▶ _Your assignment_
Repeat the data verbatim.

▶ _Collected material_
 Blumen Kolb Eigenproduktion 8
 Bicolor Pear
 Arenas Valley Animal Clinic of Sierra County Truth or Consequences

▶ _Answer to the problem_
 Blumen Kolb Eigenproduktion 8
 Bicolor Pear
 Arenas Valley Animal Clinic of Sierra County Truth or Consequences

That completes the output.